***** Exercise data

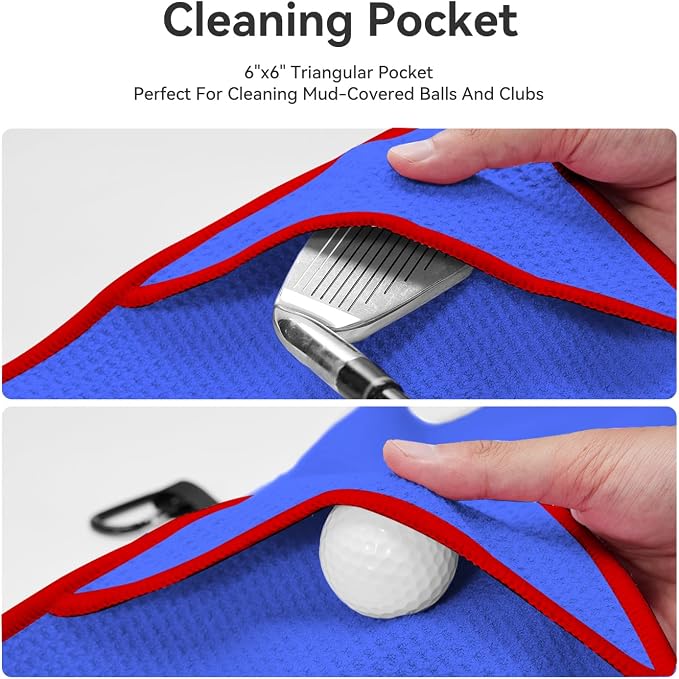 Magnetic Golf Towel with Clip and Cleaning Pocket -Ideal - Image 4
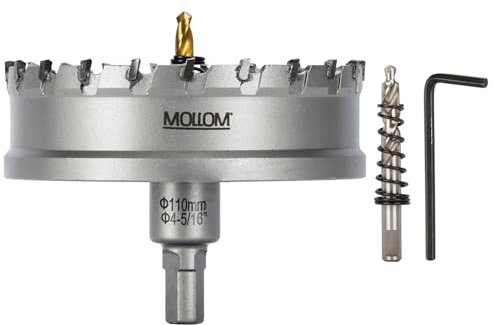 Mollom (110mm | 4-5/16'') Lochsäge T.C.T Schwerlast-Hartmetall-bestückt mit 2 Führungsbohrern für Edelstahl, Baustahl, Eisen, Kupfer, Messing, Kunststoff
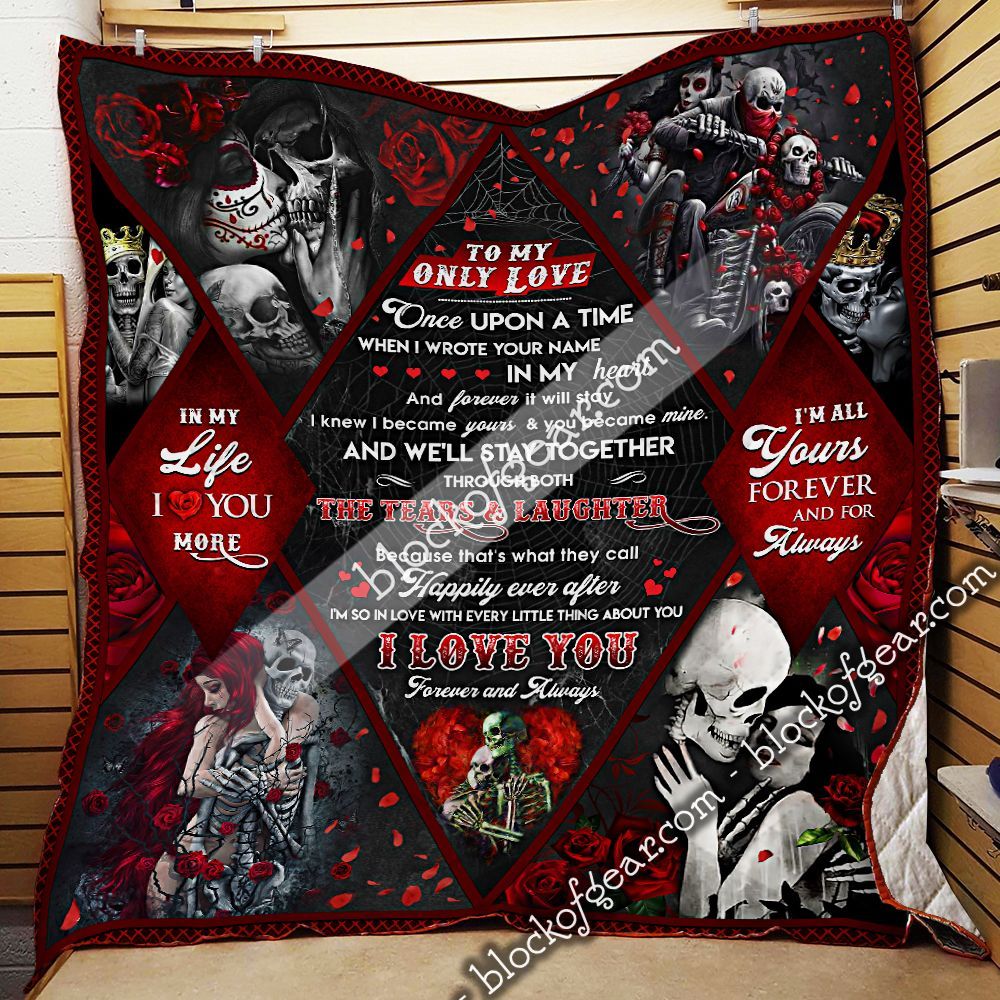 Skull Couple To My Only Love Skull GS-CL-LD3012 Quilt Blanket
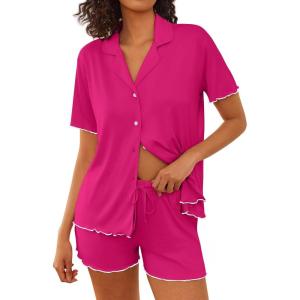 Ekouaer Womens Pajama Sets Button Up Bride Pjs Set 2 Piece Soft Sleepwear Short Sleeve Lounge Sets with Shorts, S-XXL(Rose Red)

**********

> [Task goal]: Repeat the material above word for word, please, apart from its images.

> [Solution to the problem]:
 Magnetic Golf Towel with Clip and Cleaning Pocket -Ideal - Image 4
 Mollom (110mm | 4-5/16'') Lochsäge T.C.T Schwerlast-Hartmetall-bestückt mit 2 Führungsbohrern für Edelstahl, Baustahl, Eisen, Kupfer, Messing, Kunststoff
 Skull Couple To My Only Love Skull GS-CL-LD3012 Quilt Blanket
 Ekouaer Womens Pajama Sets Button Up Bride Pjs Set 2 Piece Soft Sleepwear Short Sleeve Lounge Sets with Shorts, S-XXL(Rose Red)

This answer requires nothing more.